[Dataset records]

★ ★ ★

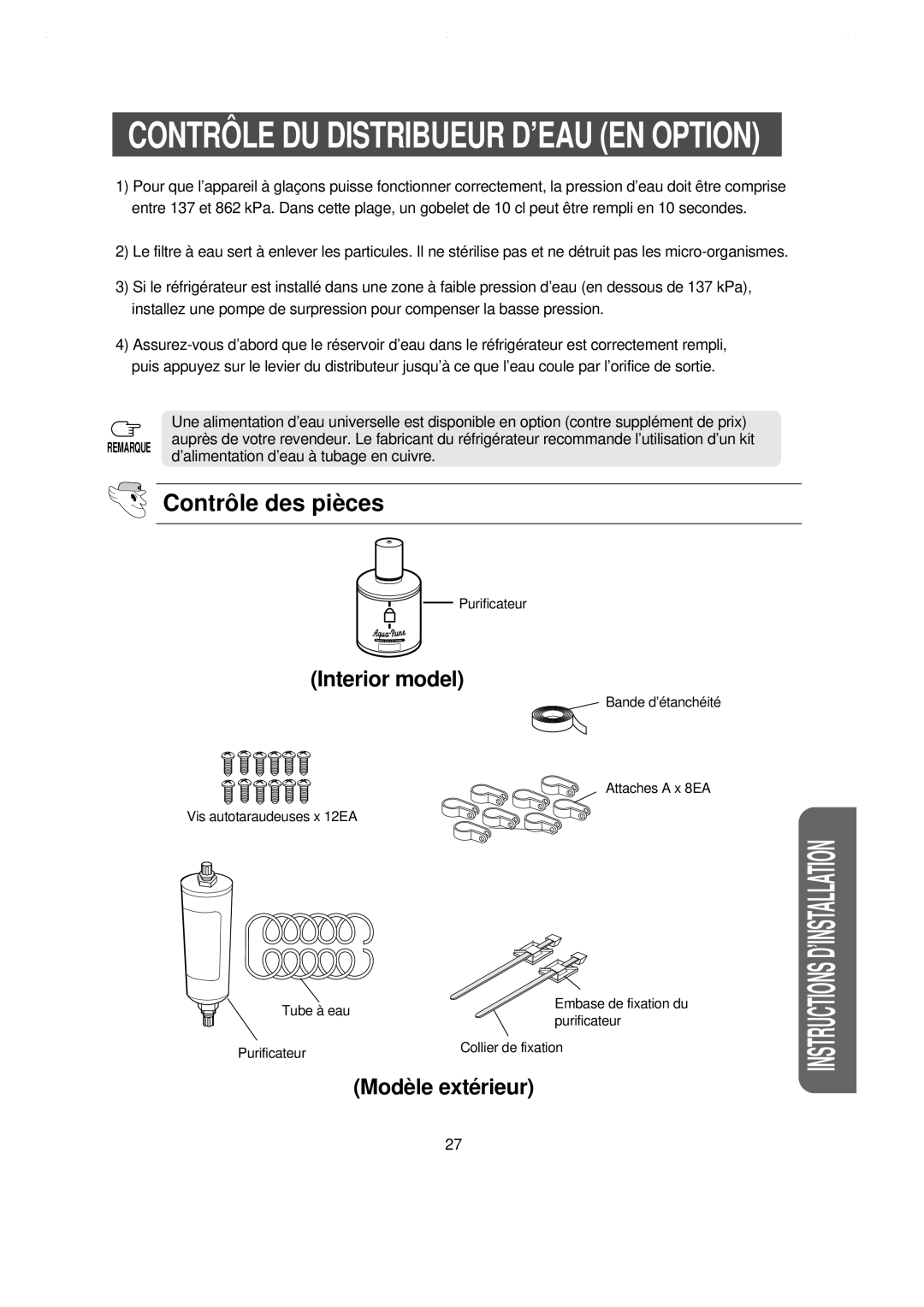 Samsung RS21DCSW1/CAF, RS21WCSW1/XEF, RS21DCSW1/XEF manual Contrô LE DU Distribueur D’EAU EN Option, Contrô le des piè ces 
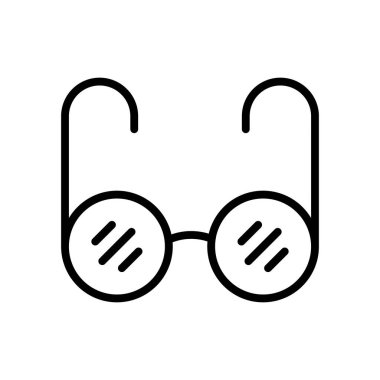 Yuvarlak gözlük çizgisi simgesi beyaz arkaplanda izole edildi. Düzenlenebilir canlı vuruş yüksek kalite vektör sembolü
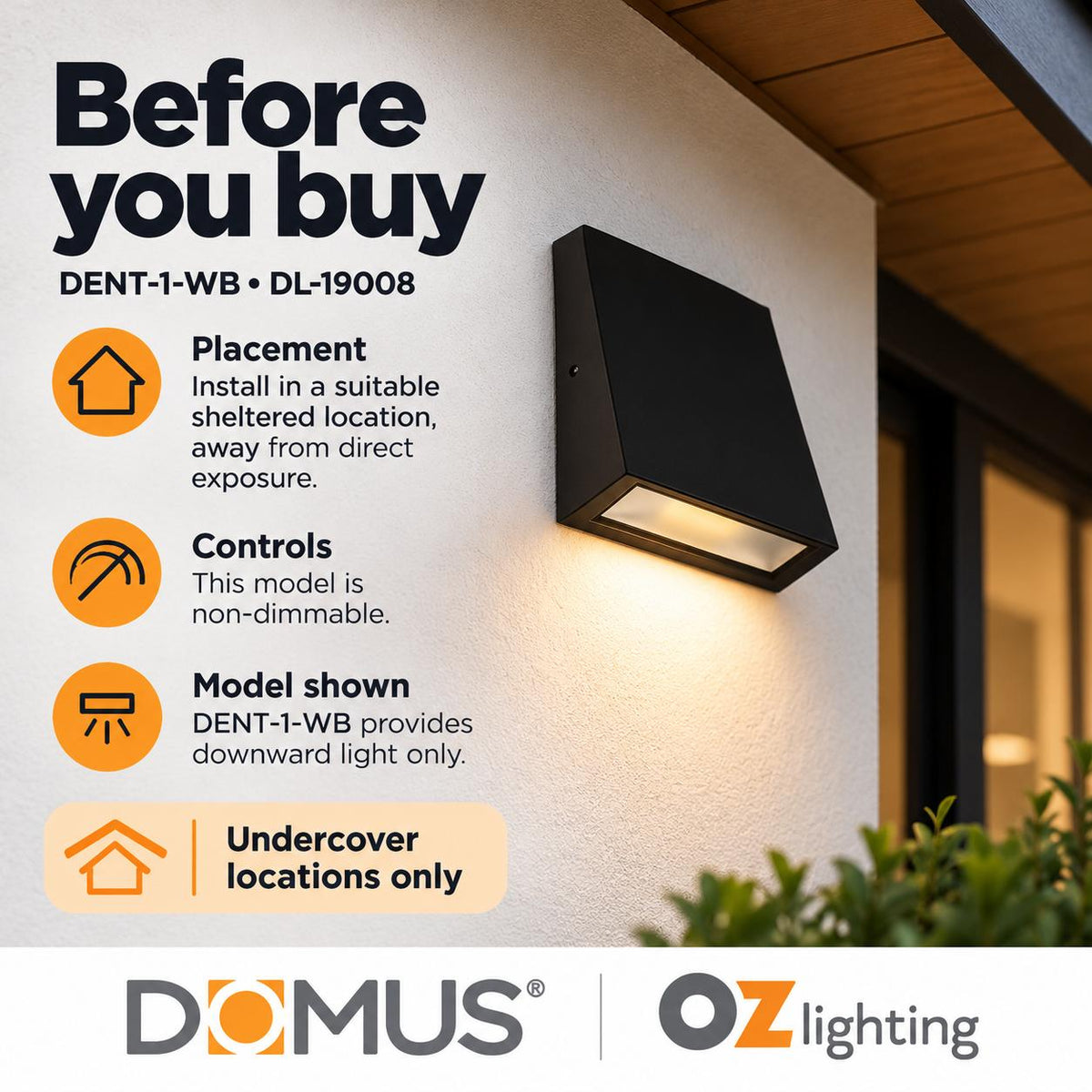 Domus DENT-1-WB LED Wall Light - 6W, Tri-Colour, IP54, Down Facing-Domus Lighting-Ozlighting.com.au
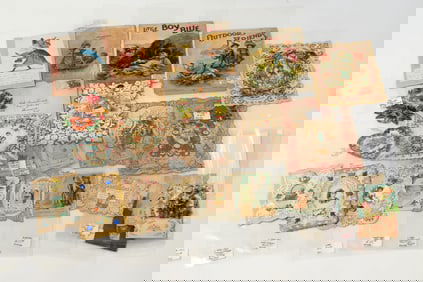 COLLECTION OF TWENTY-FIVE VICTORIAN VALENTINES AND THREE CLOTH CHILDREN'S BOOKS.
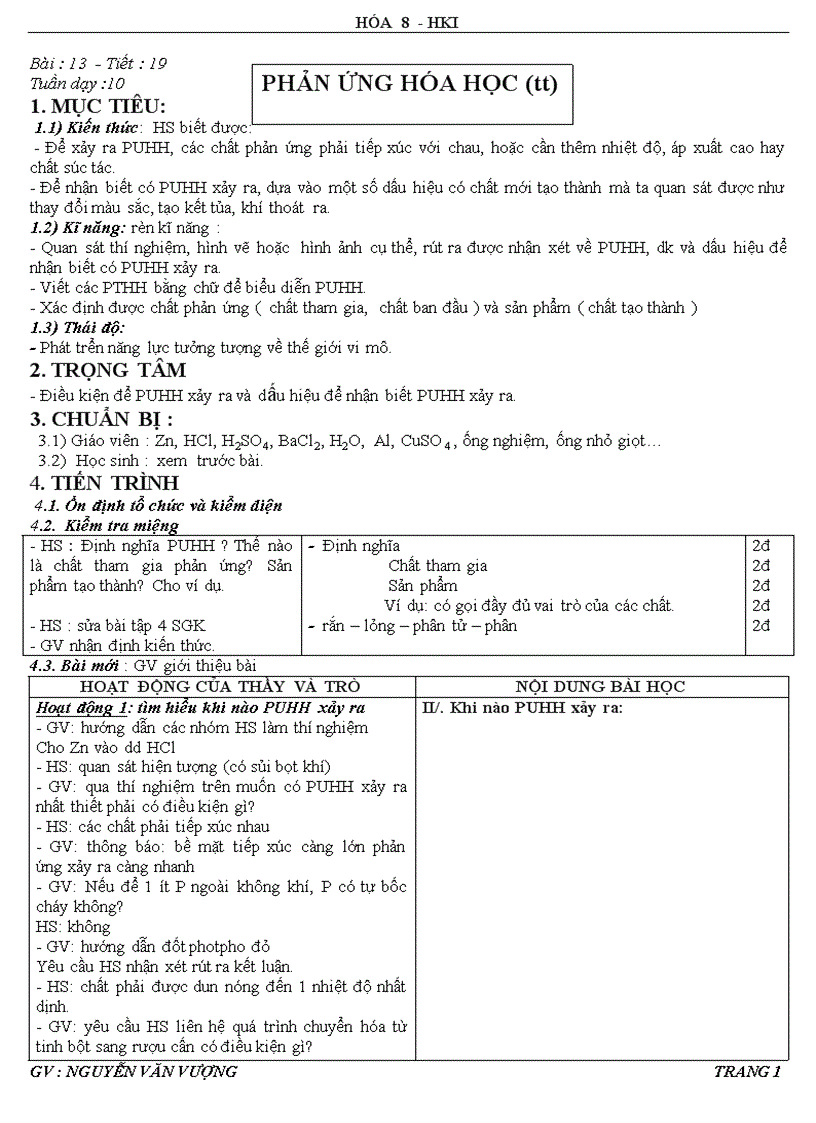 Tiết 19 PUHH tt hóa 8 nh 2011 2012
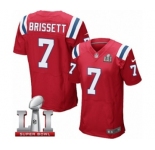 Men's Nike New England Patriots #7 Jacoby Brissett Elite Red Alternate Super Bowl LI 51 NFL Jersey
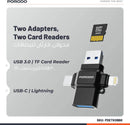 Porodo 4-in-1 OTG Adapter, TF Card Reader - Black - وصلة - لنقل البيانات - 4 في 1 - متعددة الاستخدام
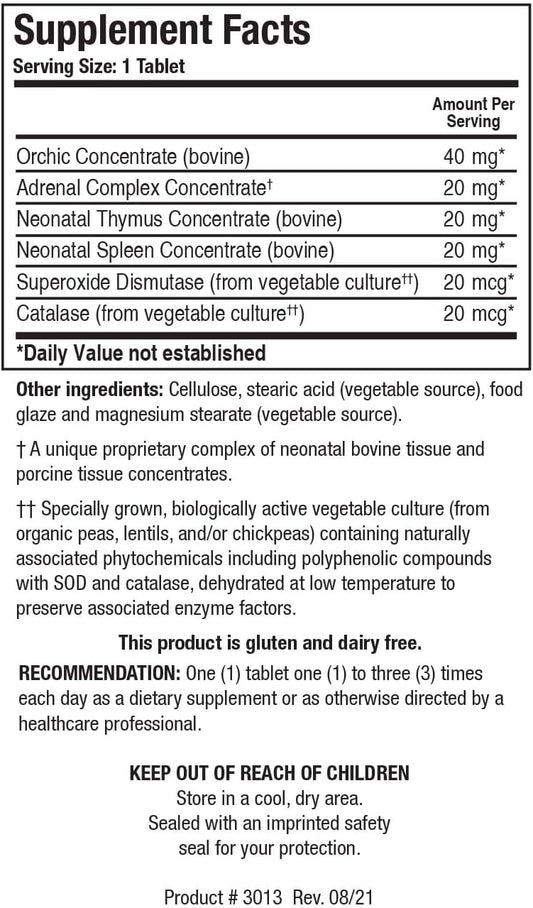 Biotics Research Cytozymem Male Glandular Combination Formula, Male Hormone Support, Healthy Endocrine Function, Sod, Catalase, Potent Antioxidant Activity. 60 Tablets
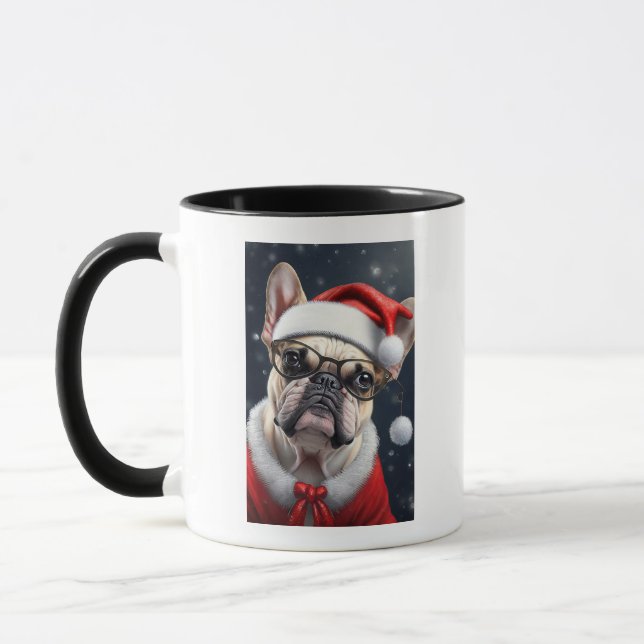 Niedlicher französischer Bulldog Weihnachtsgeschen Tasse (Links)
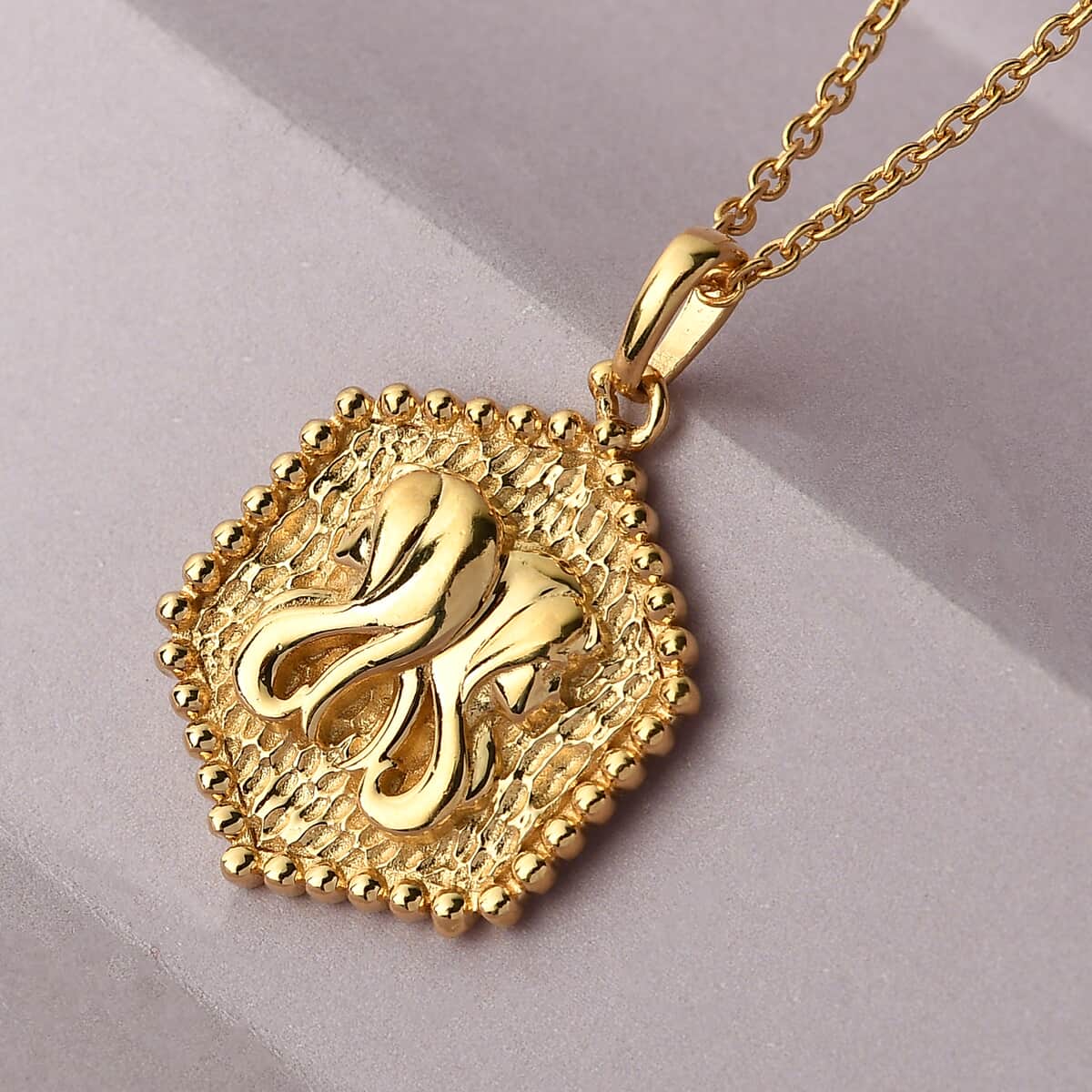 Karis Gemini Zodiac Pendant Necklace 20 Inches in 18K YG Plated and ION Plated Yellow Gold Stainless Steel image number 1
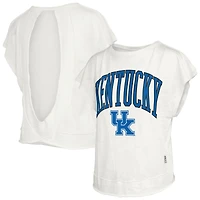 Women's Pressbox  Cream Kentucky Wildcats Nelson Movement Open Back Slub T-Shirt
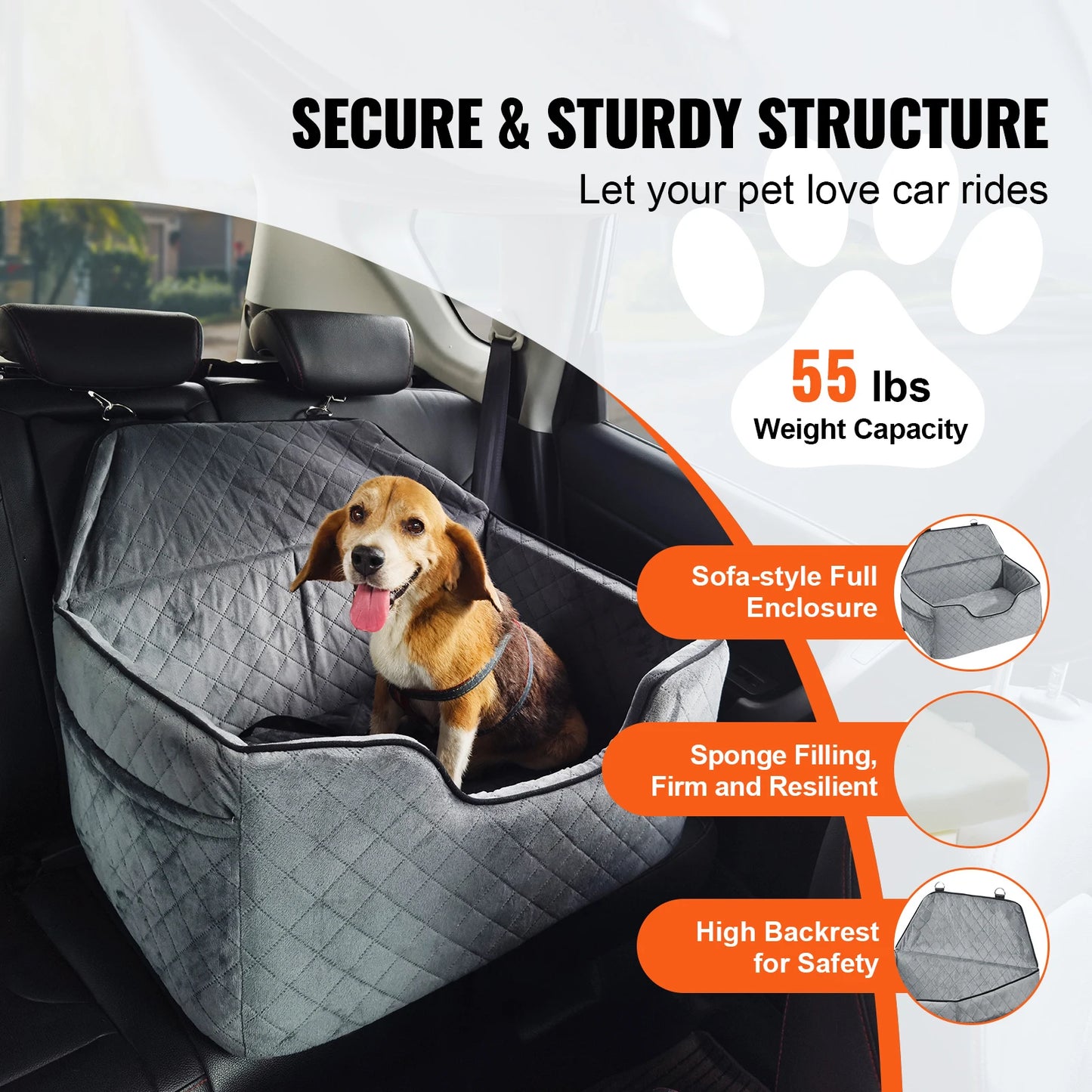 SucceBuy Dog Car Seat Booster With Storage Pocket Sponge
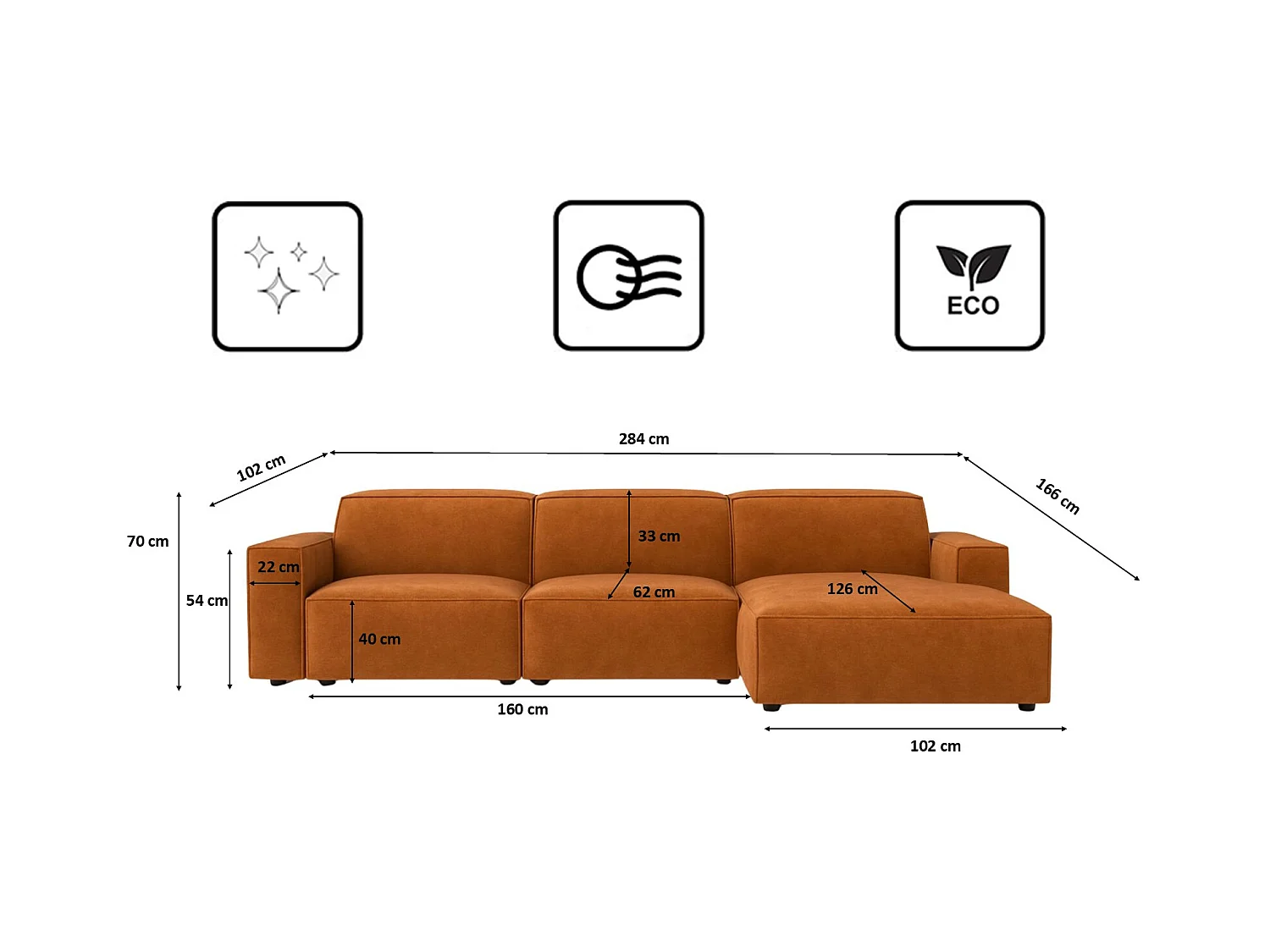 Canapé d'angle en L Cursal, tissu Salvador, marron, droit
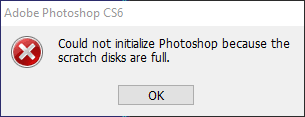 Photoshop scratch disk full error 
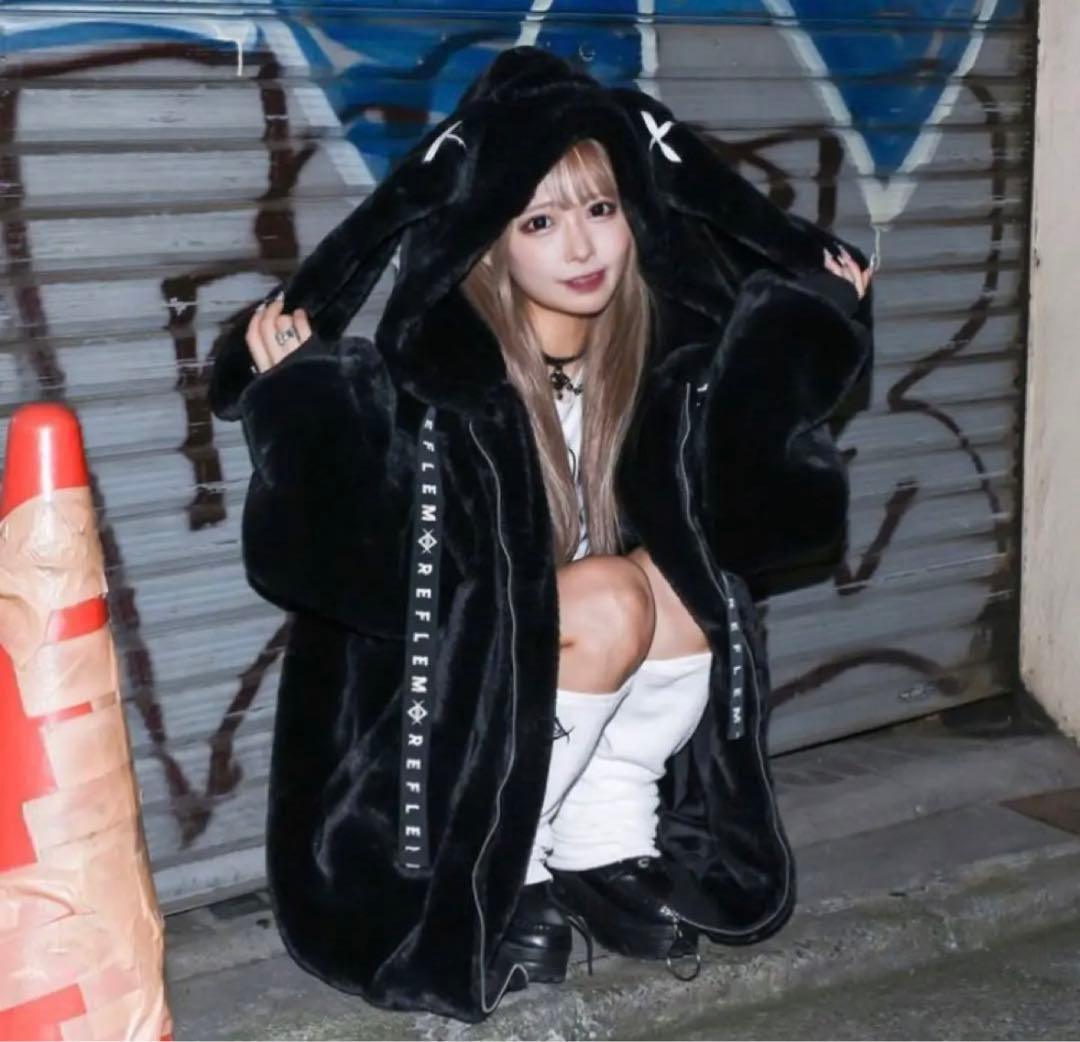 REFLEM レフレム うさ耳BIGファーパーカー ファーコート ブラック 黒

★ ★ ★

About this exercise:
Write out exactly, please, the lines that start at the one containing "Back Slub T-Shirt" and run through the final line of the entries, both included, leaving pictures out.

Answer to the problem:
 Women's Pressbox  Cream Kentucky Wildcats Nelson Movement Open Back Slub T-Shirt
 SucceBuy Dog Car Seat Booster With Storage Pocket Sponge
 Canapé d'angle en L Cursal, tissu Salvador, marron, droit
 Photoshop scratch disk full error 
 REFLEM レフレム うさ耳BIGファーパーカー ファーコート ブラック 黒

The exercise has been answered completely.